Annie's death brings changes for the rest of the girls. Madge marries Jay, an older man with whom she first has sex; Deirdre no longer acts boy crazy; and Jeanie graduates from high school and is about to head off to college. After Madge and Jay's wedding, Jeanie visits Annie's grave and smokes a cigarette. With a smile, she muses that Annie wanted to be buried under a pear tree, "not in a box or anything", so that each year her friends could come by, have a pear, and say, "Annie's tastin' good this year, huh?"
The film was based on a script by Gerald Ayers, who was better known at the time for being a producer of such films as The Last Detail and Cisco Pike . He decided to move into screenwriting and had written what would become Rich and Famous before writing Foxes. [3]
Ayers says he started with the question, "What would happen if you dropped Louisa May Alcott into the San Fernando Valley today? She would have a different story to tell." [4]
He pitched the concept to Twentieth Century Fox who agreed to develop a script. Ayers went out and interviewed "around 40 girls" starting in March 1977 and finished a first draft by November 1977. "It isn't so much a duplication of the characters in Alcott as it is suggested by them," said Ayers. "Beth for example instead of being introverted has become quite extroverted." [4]
The original title was Twentieth Century Foxes. Fox passed on the script and the project wound up with producer David Puttnam, who had a deal with Casablanca Pictures, for whom he had made Midnight Express . Puttnam said "When I first came out here [Los Angeles] I was fascinated by Beverly Hills teenagers, particularly with the problem of suicide. Gerry's script doesn't deal with that but it does touch on a lot of contemporary issues." [4]
Casablanca agreed to finance under its deal with United Artists. Filming began on October 16, 1978, and wrapped in January 1979. [4]
The film was the feature directorial debut from Adrian Lyne. Producer David Puttnam had enjoyed success hiring debutant directors with a background in TV commercials (Ridley Scott, Alan Parker, Hugh Hudson) and that is where Lyne came from. [5]

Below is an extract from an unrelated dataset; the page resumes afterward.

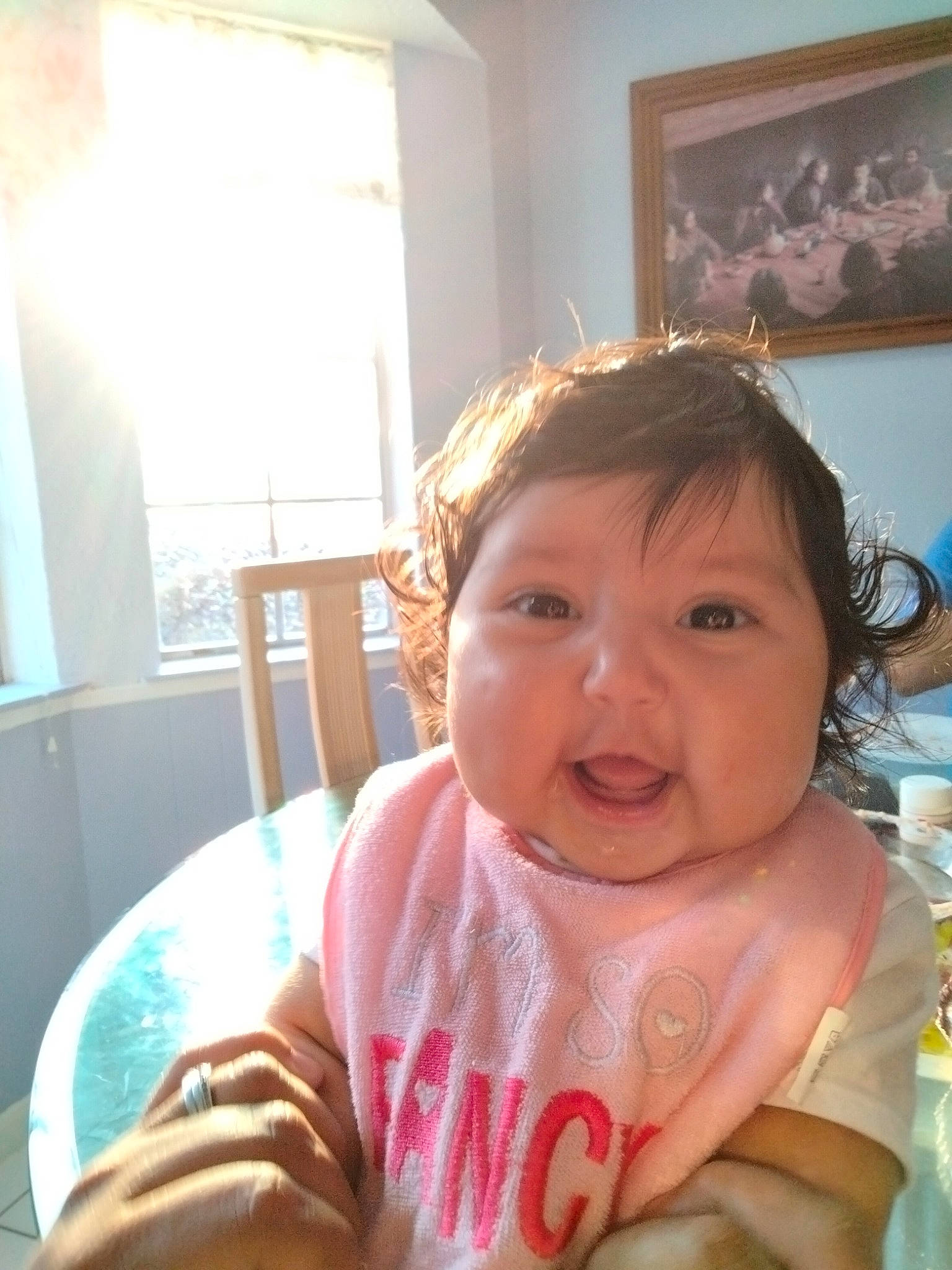 Marisol is registered to the contest to win money with this photo: baby_toddler_clothing, chair, cheek, cool, ear, eyelash, finger, fun, gesture, happy, lip, mouth, nose, person, picture_frame, skin, smile, table, tableware, toddler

Foxes grossed $7.5 million domestically. [6] On the review aggregator website Rotten Tomatoes, the film holds an approval rating of 70% based on 10 reviews, with an average rating of 5.9/10. [7]
Film critic Roger Ebert gave the film a positive review, writing:
The movie follows its four foxes through several days and several adventures. It's a loosely structured film, deliberately episodic to suggest the shapeless form of these teenagers' typical days and nights. Things happen on impulse. Stuff comes up. Kids stay out all night, run away, get drunk, or get involved in what's supposed to be a civilized dinner party until it's crashed by a mob of greasers.
The subject of the movie is the way these events are seen so very differently by the kids and their parents. And at the heart of the movie is one particular, wonderful, and complicated parent-child relationship, between Jodie Foster and Sally Kellerman. They only have a few extended scenes together, but the material is written and acted with such sensitivity that we really understand the relationship. [8]
Foxes was released in a Region 1 DVD by Metro-Goldwyn-Mayer on August 5, 2003. A Blu-ray edition of the film was released by Kino Lorber on January 15, 2015.